Javier and Bean sat side by side without eating. Wry, compact Javier, who whispered in Bean’s ear after seven vodka and tonics. ‘I want to make love to you. Where can we go so I can make love to you?’

Javier, who held her, who rubbed and touched, but wouldn’t kiss, wouldn’t fuck, not yet. ‘What soft skin you have. Almost too soft, as though you aren’t really here. And what a nice bum!’ Tops off. Chest against chest. Skin on skin. ‘I want to fuck you, and I don’t.’ Javier and Bean, saying each other’s names to each other again and again in Bean’s bed that very first night. ‘You’re unbelievable, do you know? Where did you come from, to land in my life like this?’ Bean, leaning on her elbows, glowing.

Their first weekend away in Barcelona, Javier’s home town, they barely left the hotel room. Bean waited for him, perched on the edge of the bed with her skirt up to her thighs.
Don’t you know what that does to me?
Javier, touching her, putting his hand in the space between her legs, moving her in a way she’d never been moved before.

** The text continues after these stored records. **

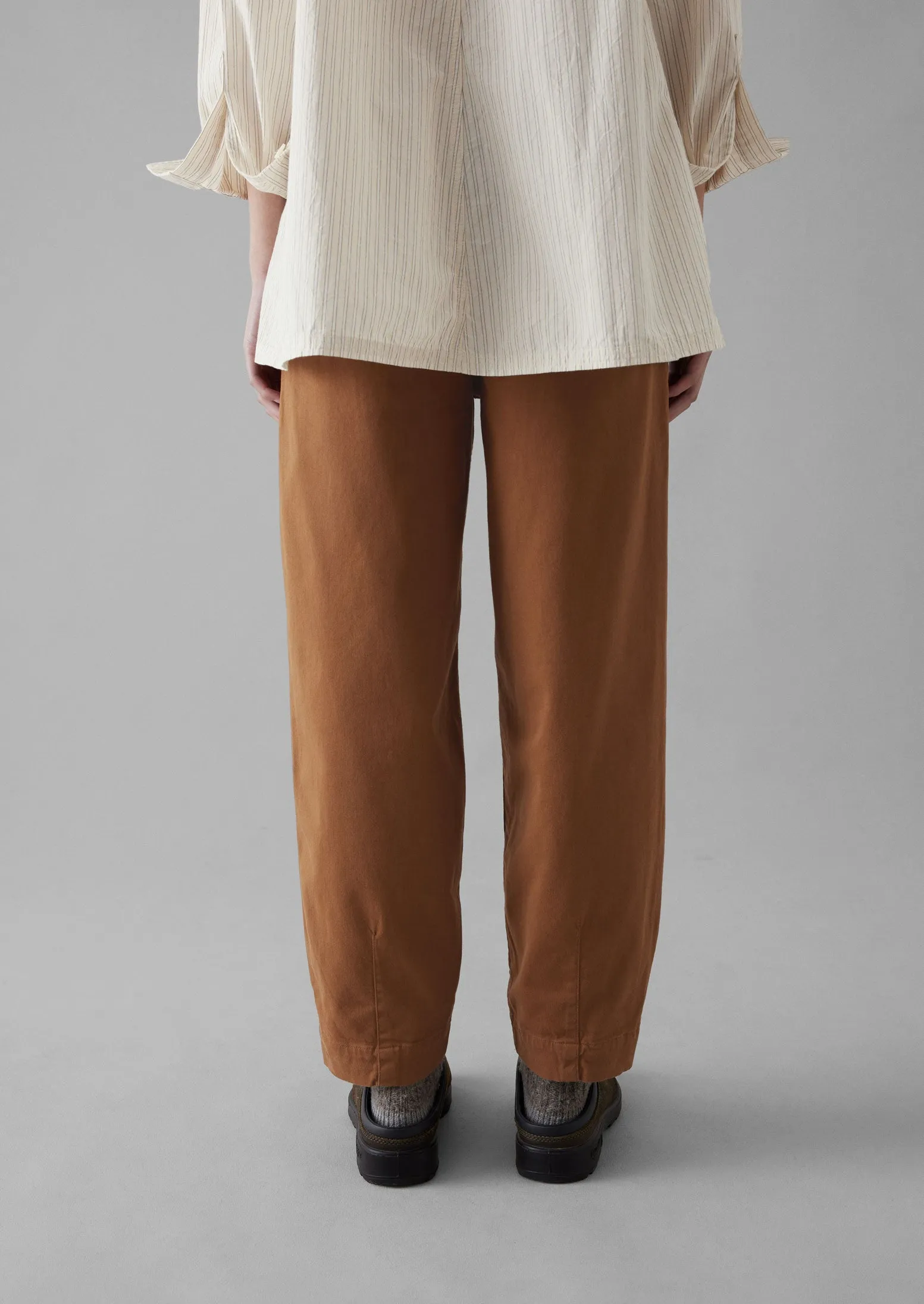 Darted Cotton Twill Pants | Russet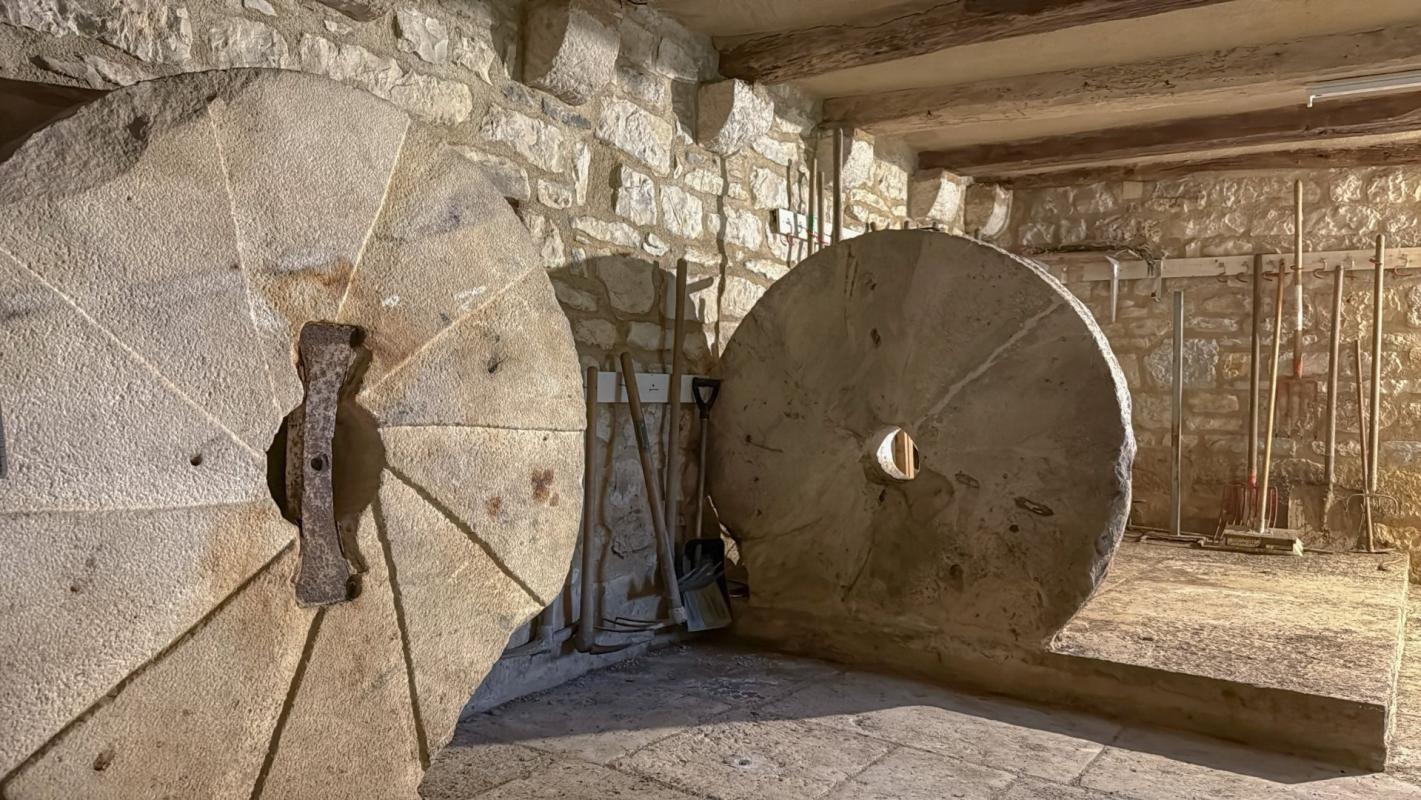 5 bedroom maison en pierres in Saint Antonin Noble Val, Tarn-et-Garonne, France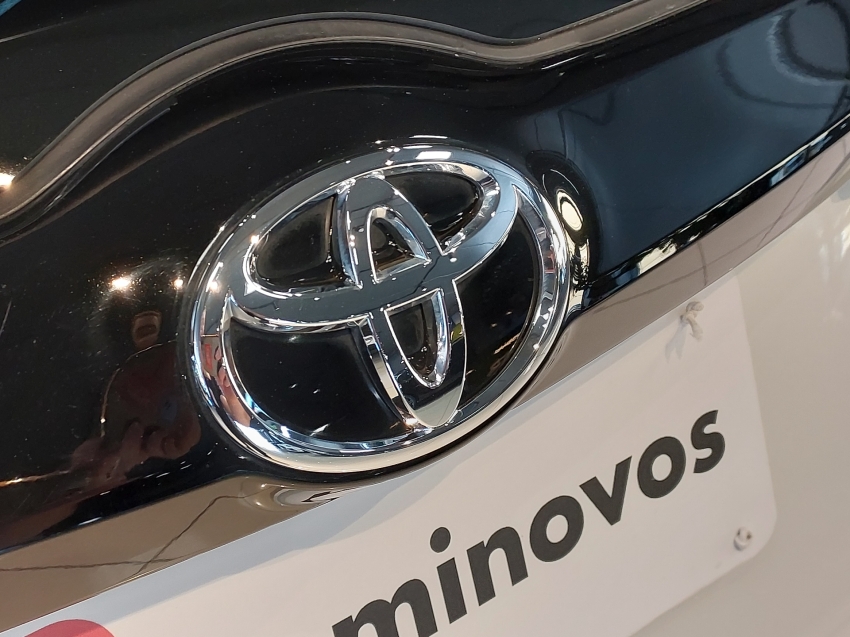 toyota yaris 1.5 16v flex xs multidrive 4p automatico 201921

When Bean and Javier made love they kept their eyes wide open. Javier on top of Bean, the weight of his sturdy body falling like a wave upon her. Bean straddling him on the edge of the couch, rocking her hip bones into his, her small breasts dancing up and down like fruit. Afterwards, they lay spent, their thighs interlinked, staying in the moment for as long as they could. They ordered up expensive bottles of wine and plates of calamari, took long baths together, soaped each other’s backs and downtheres as though they’d been lovers for centuries. They sat on the balcony in fluffy white robes watching the sunset, discussing how and when they were going to take the next step.

‘Can’t we go and see Gaudi’s skulls and bones building? Won’t you show it to me? Or Miró’s museum. I can’t leave without seeing anything.’

‘There’s so much time for that, mi alma. There’s the rest of our lives.’

Mi alma.
My soul
.

When it was time to fly back to London, Javier cried. He laid his head down in Bean’s lap and cried like a baby. There was so much in his heart, so much he wanted to change. ‘I love you,’ he said, ‘It’s simple. I can’t imagine not having you in my life.’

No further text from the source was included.